In parallel, we also observe the Inuit Amaruk hunting in northern Canada. He pursues the wolf of his destiny, a big and massive beast, which he must hunt. Inuit’s task is difficult, he gradually loses his sanity, begins to roam, but in his sky, the only purpose is the wolf. Later, seemingly absolutely nothing to do stories brilliantly merge and completely take away the speech.
I would never have thought that this book would get me so involved. It’s so good, it’s so great that I didn’t even want to finish it. It’s not an easy novel: The Wild takes time, focus, attention, and sometimes just stop reading. Because there is something to think about here. From the relatively simple things like the social woes of Mexican quarters to existential, death, temporality, and freedom issues.
I warn you, the novel is truly brutal: in the subtleties of the quarter, Guillermo has not kept silence in anything and blood flowed freely in the text. Exactly the same with hunting scenes.
Another great thing that felt on the pages is that the author was absolutely in no hurry to write.
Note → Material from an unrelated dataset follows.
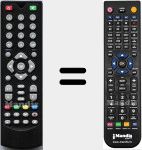 T&eacute;l&eacute;commande pour remplacer DTT1582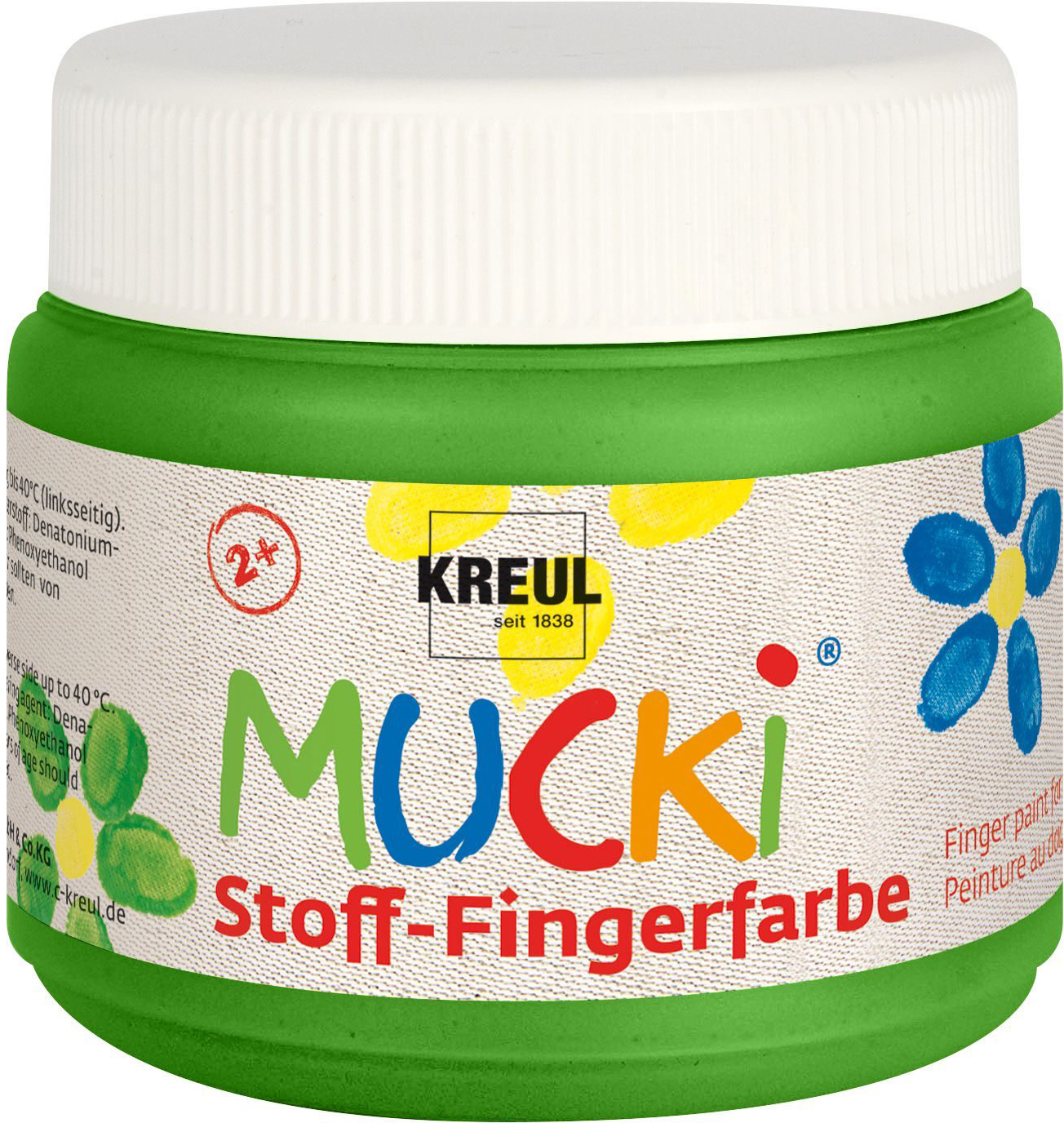 photo KREUL Peinture au doigt pour tissu KR-28105 vert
He has been writing a book for almost six years and can, therefore, feel the weight of every sentence, though. It is rare to find such books lately. Those who are good from the first to the last page, those whose stories you will carry in your heart and rethink not once.
This book is so multi-layered, so cinematic, so multifaceted, and yet so sensitive and beautiful. How many colors there are in the world, so many Arriaga has poured into his work. I really enjoyed it. Undoubtedly it is one of the most memorable books I have ever read.